But do anthropologists need Deleuze to think about this? There are much more pedestrian places one could look–like, say, gardens. Melanesians long ago cornered the market on rhizomatic philosophy. Consider the personification of yams and sweet potatoes.

Here are details of traditional initiations (no longer practiced), reported by Rohatynskyj for Ömie speakers in Papua New Guinea’s Oro Province, whom she compares with folks in the Sepik and the Siane (who live quite close to the Asaro valley populations I work with):

Yams in the ground, like boys in [initiation huts], are kine’e [spirits]… It is forbidden at any time to say the word kine’e in the gardens by the same logic that forbids the saying of the word in the [initiation hut]: it would spoil the growth of the yam or the boy. Tuzin documents a similar equivalence between yams, spirits, and children for the Ilahita Arapesh. Yams are seen by these people as the only plants with spirits, and they are accorded an active life underground, moving about and visiting friends in other gardens. Yams are equated to the human body and treated as children. In pantomime episodes among the Siane, the players who are ‘korova‘ [spirits], enact an equivalence between the production of children and large piles of vegetable food. The Ömie practice of growing boys like yams and in the growth process equating both with spirits of the ancestors is paralleled by similar beliefs and practices among the Ilahita Arapesh and the Siane.

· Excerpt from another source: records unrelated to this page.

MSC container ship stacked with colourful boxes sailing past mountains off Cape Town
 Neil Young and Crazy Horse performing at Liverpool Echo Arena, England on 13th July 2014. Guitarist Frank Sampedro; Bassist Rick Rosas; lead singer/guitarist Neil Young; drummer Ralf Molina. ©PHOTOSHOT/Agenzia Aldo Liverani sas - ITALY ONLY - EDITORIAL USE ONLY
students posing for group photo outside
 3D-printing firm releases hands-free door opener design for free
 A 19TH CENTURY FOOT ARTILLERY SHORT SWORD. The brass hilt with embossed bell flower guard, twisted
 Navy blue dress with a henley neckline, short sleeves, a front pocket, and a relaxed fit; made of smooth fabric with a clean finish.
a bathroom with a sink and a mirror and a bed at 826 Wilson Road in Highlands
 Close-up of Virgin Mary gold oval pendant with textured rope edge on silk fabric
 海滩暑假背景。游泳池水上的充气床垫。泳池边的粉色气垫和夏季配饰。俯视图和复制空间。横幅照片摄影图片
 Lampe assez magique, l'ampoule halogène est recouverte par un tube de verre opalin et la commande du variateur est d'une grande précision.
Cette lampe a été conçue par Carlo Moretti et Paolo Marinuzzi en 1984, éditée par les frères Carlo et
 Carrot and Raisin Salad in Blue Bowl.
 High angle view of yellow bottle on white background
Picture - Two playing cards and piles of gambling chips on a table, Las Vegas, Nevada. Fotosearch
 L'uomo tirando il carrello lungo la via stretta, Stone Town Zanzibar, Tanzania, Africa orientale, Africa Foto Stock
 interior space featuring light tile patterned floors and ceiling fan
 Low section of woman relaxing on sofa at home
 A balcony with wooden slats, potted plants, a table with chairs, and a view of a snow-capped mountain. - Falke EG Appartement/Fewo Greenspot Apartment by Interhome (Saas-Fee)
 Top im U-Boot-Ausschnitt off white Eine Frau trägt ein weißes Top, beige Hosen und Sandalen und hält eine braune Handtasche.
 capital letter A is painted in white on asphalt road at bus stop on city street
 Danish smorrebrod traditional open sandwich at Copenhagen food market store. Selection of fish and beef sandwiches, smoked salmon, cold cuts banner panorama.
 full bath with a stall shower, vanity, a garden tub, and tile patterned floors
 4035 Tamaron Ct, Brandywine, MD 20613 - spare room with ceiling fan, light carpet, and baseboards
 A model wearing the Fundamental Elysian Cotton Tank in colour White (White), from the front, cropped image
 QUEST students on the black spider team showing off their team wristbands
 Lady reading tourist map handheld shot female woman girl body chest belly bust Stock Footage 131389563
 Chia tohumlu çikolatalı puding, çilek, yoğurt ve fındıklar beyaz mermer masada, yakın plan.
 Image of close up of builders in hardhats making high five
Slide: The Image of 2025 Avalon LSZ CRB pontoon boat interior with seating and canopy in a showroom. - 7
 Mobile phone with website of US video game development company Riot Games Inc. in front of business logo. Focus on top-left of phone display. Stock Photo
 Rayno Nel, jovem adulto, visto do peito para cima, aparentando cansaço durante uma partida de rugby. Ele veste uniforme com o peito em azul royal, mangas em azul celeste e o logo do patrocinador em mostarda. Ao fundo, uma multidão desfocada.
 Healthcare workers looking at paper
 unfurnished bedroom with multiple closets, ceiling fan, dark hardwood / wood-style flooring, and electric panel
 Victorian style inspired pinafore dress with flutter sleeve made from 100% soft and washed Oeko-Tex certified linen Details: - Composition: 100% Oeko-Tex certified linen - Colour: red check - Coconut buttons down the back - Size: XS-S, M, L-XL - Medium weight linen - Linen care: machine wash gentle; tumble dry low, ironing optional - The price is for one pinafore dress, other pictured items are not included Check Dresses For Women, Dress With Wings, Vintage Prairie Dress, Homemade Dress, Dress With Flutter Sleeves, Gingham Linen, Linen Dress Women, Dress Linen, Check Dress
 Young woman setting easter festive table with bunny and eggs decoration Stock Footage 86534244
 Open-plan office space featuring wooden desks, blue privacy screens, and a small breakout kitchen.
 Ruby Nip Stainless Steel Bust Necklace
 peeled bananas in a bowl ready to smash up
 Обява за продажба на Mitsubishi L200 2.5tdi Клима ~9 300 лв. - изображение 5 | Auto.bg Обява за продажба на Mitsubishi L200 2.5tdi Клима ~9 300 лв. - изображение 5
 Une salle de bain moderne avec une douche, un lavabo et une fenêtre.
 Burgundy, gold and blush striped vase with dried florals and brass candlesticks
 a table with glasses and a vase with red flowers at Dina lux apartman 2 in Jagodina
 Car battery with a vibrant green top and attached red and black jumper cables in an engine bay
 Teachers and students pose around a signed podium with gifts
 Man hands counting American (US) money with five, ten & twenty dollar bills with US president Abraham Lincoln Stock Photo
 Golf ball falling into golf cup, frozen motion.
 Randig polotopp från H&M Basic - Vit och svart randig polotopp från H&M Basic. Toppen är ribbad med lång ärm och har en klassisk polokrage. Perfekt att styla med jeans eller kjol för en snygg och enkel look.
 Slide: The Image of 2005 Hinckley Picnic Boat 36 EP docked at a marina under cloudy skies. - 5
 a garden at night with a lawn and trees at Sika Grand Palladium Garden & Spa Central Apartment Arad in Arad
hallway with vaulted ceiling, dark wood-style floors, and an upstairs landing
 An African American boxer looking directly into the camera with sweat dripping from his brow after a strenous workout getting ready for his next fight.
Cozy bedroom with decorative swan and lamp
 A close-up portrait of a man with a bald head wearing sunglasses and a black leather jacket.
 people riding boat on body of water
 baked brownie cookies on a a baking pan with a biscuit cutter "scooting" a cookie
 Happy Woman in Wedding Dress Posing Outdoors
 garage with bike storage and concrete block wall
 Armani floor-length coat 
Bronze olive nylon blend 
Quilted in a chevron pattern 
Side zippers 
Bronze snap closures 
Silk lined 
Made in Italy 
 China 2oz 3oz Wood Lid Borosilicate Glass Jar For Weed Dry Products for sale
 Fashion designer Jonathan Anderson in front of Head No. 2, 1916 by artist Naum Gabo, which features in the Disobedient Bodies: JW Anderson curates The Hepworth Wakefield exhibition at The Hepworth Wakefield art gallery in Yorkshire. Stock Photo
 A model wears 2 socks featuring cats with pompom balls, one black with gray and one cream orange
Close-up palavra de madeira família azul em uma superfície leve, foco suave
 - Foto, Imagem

Vitalists indeed. The important point here is not merely the identity constructed between persons and plants, an identity established by the shared life (spirit) between them, but that the desired effect and the point of life is growth or emergence. ‘Life’ is constituted as a process of gain or depletion. And growth and senescence are only contrived by routing/rooting them through the agencies of people: the men who grow yams that feed people, the boys who become men who grow yams that feed people. Analysis should track the way that those relations can only be activated in gendered or reproductive form (thus the growth of yams is in part an effect of the gendering of boys, and vice versa). It should further connect the conventional gendering of growth to the structured social relations produced by particular kinds of marriage rules. It is in this context, where relations transect clan and land through the bodies of persons and plants, that I think Melanesian materials can provide interesting glimpses of forms of life that ‘begin’ with premises quite different than those of our current prophets of power, sovereign or otherwise. (I merely attempted or hinted at this in a recent essay.)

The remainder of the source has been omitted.